An American Sunrise Poem Summary, Notes And Line By Line Analysis In English By Laureate Joy Harjo

Introduction

Joy Harjo’s poem “An American Sunrise” explores Native American culture and the constant battle to preserve it in the face of modern life.

About The Poet

Author, musician, and current American Poet Laureate Joy Harjo is a Muskogee (Creek) Nation citizen who was born in Tulsa, Oklahoma. Her seventh collection of poems, An American Sunrise, revisits the native country that the Indian Removal Act forcibly removed her ancestors from in 1830. 

Lines 1-5

We were running out of breath, as we ran out to meet ourselves. We
were surfacing the edge of our ancestors’ fights, and ready to strike.
It was difficult to lose days in the Indian bar if you were straight.
Easy if you played pool and drank to remember to forget. We
made plans to be professional?—?and did.

The speaker describes a group of individuals going back to their “ancestors fights” metaphorically in the opening sentence. The speaker is emphasizing how difficult it is for Native American tribes to blend maintaining their ties to the past with dealing with the problems of the present. The speaker makes the point that it was crucial to remain “straight” in order to avoid “losing days in the Indian bar.”

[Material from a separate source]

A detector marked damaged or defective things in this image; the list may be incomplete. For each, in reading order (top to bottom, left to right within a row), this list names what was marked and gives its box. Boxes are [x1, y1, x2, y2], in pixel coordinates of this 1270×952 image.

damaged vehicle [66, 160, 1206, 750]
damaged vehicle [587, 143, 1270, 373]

She is implying that many people use alcohol as a comfort and an escape because of the nature of their hardship. In the Native American culture, professional plans were made and carried out.  This is because  cause they worked as harder than anyone else and they were successful in what they set out to do.

Lines 6-11

And some of us could sing
so we drummed a fire-lit pathway up to those starry stars. Sin
was invented by the Christians, as was the Devil, we sang. We
were the heathens, but needed to be saved from them?—?thin
chance. We knew we were all related in this story, a little gin
will clarify the dark and make us all feel like dancing.

The speaker combines the celebration of the group’s ancestry in the next line with “success” in the modern world in the lines that follow. They performed musical pieces and beat on drums “a fire-lit pathway up to those starry stars.” Here, the poet introduces a phrase concerning “sin” and how Christians created it. There is a lot of suffering in the Native American culture because of Christian ideas about sin and “the devil.”

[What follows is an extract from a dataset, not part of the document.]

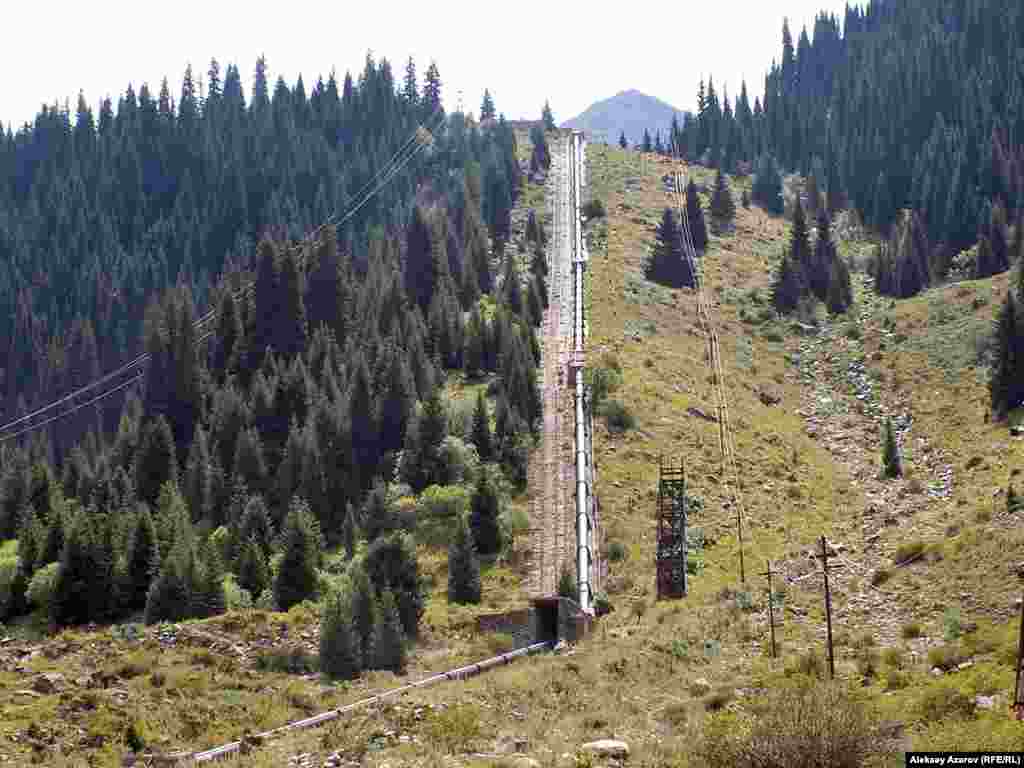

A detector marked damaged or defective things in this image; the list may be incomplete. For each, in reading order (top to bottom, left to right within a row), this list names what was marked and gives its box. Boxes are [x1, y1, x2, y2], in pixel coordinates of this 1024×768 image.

rusty steel tower [655, 456, 688, 602]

They accept the label of “heathens” that has been applied to them historically and even in some modern contexts. They wish to distinguish themselves from people who have in the past attempted to “rescue” them by converting to Christianity. Now, according to the speaker, they must be rescued from Christians or anybody else wishing to alter or expel them from their culture.

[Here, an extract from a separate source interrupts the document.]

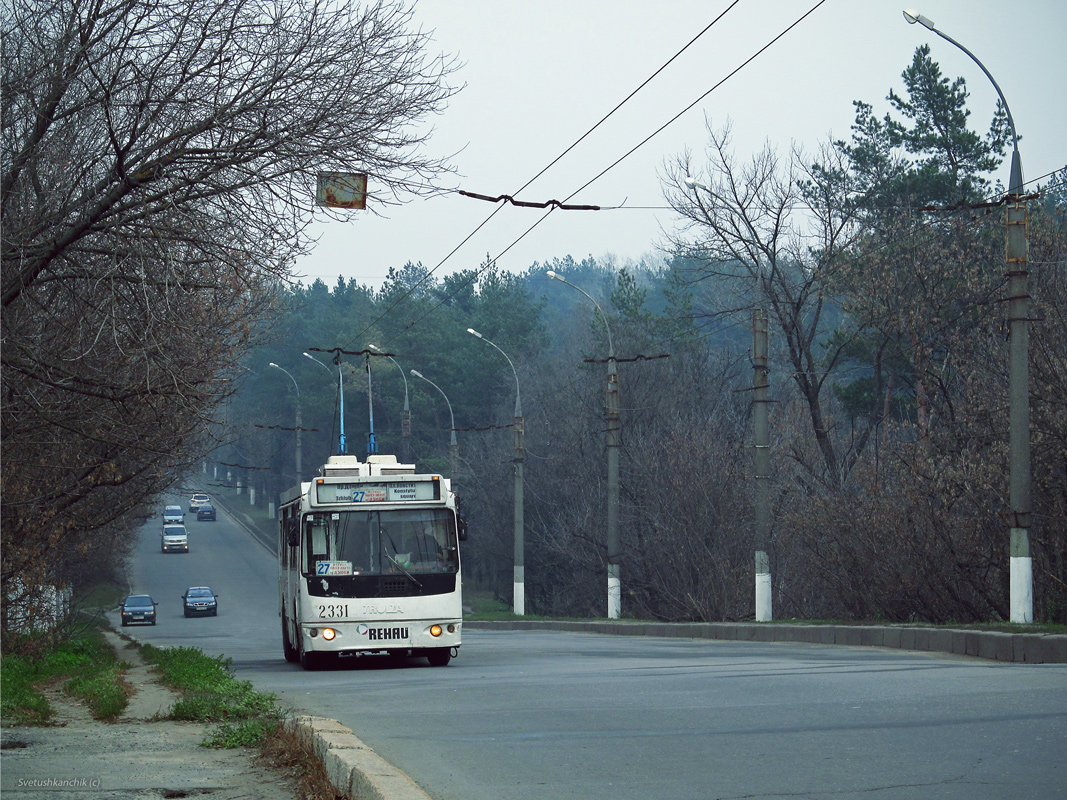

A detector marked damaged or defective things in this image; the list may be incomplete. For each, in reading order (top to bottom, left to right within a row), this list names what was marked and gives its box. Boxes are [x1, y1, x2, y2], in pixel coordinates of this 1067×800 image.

rusty metal sign [313, 172, 369, 210]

Although the speaker is very passionate about this, she is aware that there is just a “thin chance” that they can be saved from those around them. Everyone in the community, including the speaker, is aware of their role in the story. We’ll “feel like dancing” when a “little gin” clears out the “dark.”

The speaker and the other people in the community are aware of the evil that surrounds their daily lives and the dread that haunts their pasts. In an effort to release their fear and rage and do something they can control when they are reminded of it, they dance.

Lines 12-15

We had something to do with the origins of blues and jazz
I argued with a Pueblo as I filled the jukebox with dimes in June,
forty years later and we still want justice. We are still America. We
know the rumors of our demise. We spit them out. They die
soon.

The following lines contain a discussion from the speaker. She is conversing with a “Pueblo.” She says that “we,” the Native American population, played a role in “the blues and jazz’s origins.” We still desire justice; the speaker says in the poem’s closing lines. The Native American community has not and will not forget the past. They are aware of the “rumours of our demise.”

She recognizes that some people do believe in Native American culture in this passage, but someday their languages, legends, and other aspects of their culture will be destroyed as a result of previous wrongdoings and unfair laws throughout history.